EXERCISE OBJECTIVE
Would you print the data below exactly, leaving out every picture?

GIVEN DATA
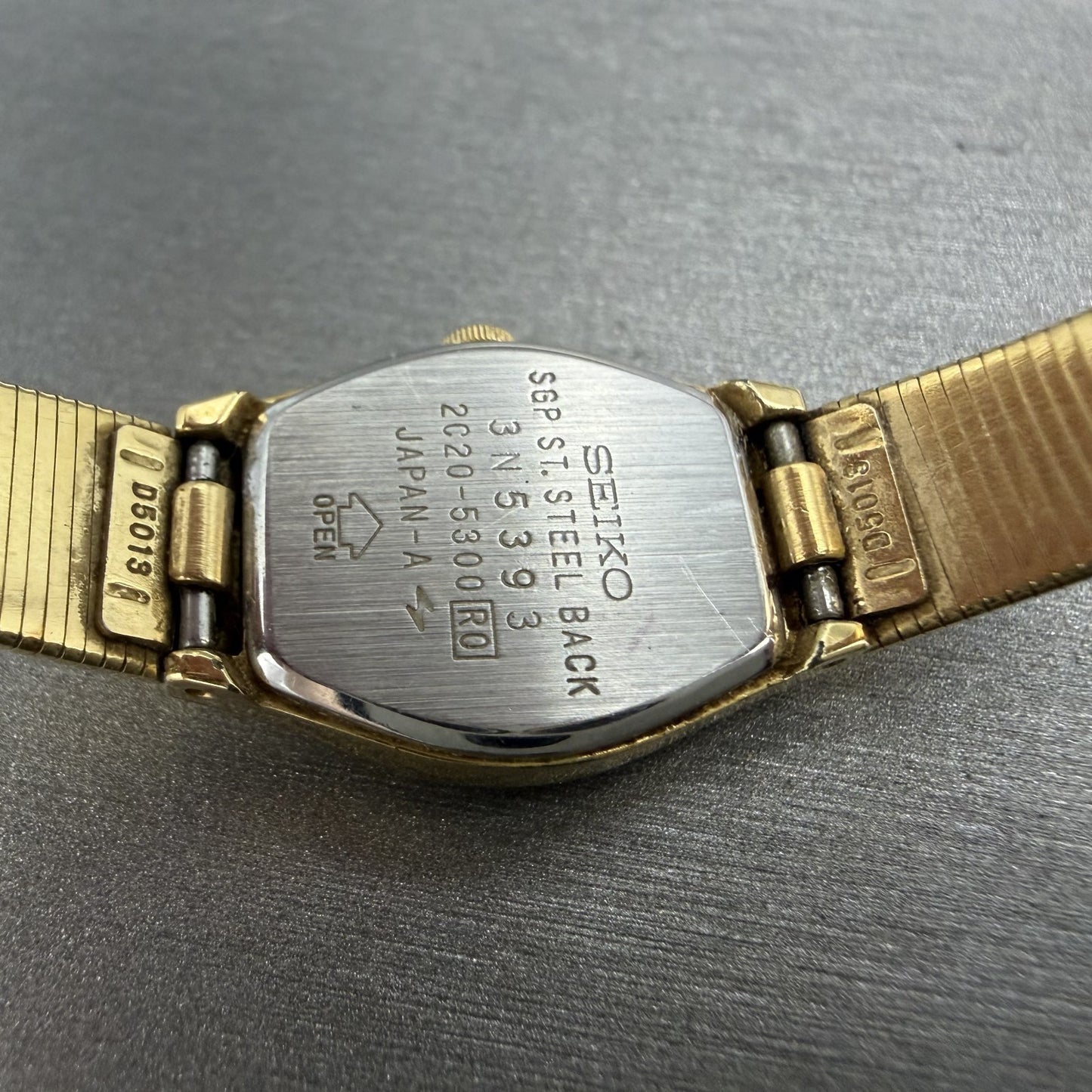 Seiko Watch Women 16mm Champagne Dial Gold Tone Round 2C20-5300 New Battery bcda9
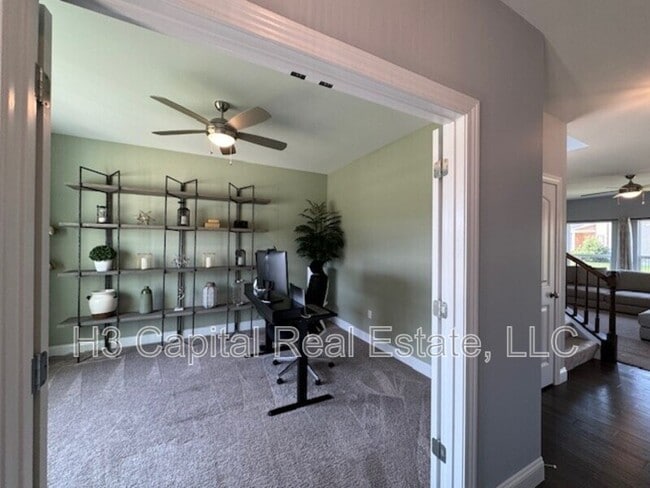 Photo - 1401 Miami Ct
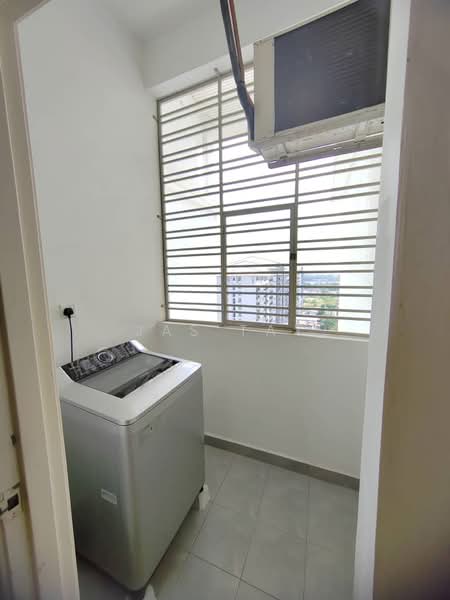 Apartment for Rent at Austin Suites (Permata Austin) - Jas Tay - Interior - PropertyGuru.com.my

ANSWER SECTION
 Seiko Watch Women 16mm Champagne Dial Gold Tone Round 2C20-5300 New Battery bcda9
 Photo - 1401 Miami Ct
 Apartment for Rent at Austin Suites (Permata Austin) - Jas Tay - Interior - PropertyGuru.com.my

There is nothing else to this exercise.